Skyzoo’s lyrical prowess wastes no time in ‘Everybody’s Fine’ over a jazzy backdrop which is a theme which re-occurs throughout the project, and basically that’s what the album ‘Sounds Like’. But here – your head is viciously nodding uncontrollably. This is going to be an instant favourite among boom bap fans and more importantly – concert ready.

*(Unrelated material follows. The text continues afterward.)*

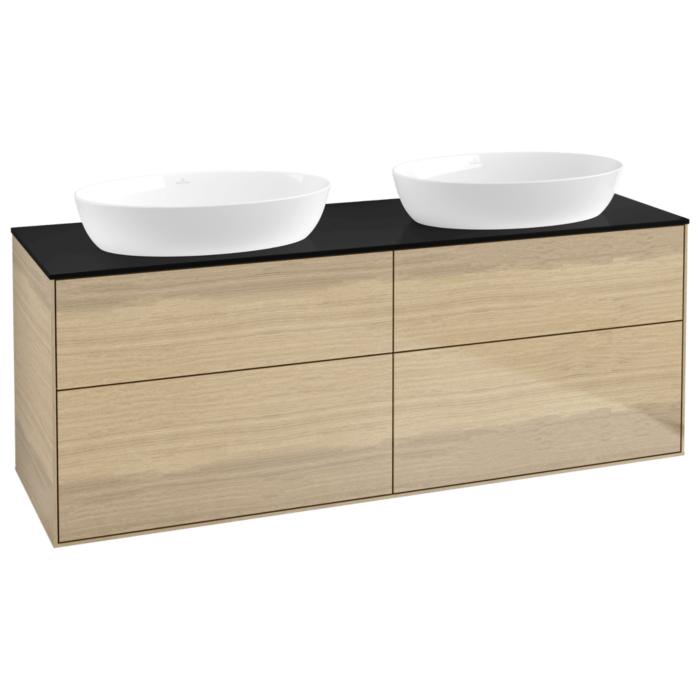 Villeroy Und Boch Finion Waschtischunterschrank GA8200PC 160X60,3Cm, Emotion, Abdeckplatte Black Matt, Oak Veneer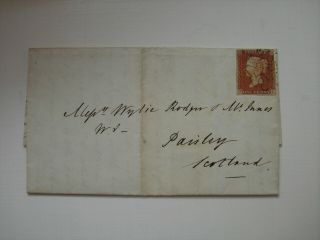 1841 1d Red Imperf.  Unplated.  Entire With London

This flows relentlessly into the album’s lead single ‘Baker’s Dozen’ featuring The Love King himself – Raheem DeVaughn, which is basically D’Angelo’s Devil’s Pie brought into 2108 and updated. This shuts down critics about Apollo Brown’s production as this is a complete departure from the grainy vinyl soul sound we know and expect from him. In a period where we have gone crazy over the visual presentation of black superheroes, it’s great to see Sky use a clever line – “Black lives in black 5s, the frame boxing out,
I’m Luke Caging but more related to Cottonmouth…” Personally – I will always prefer Sky & Raheem’s Dream Deferred outing ‘Drew & Derwin’ which should have blown up on many levels. On the off-chance Sky & Raheem see this, I sincerely hope they still give that track the visual treatment.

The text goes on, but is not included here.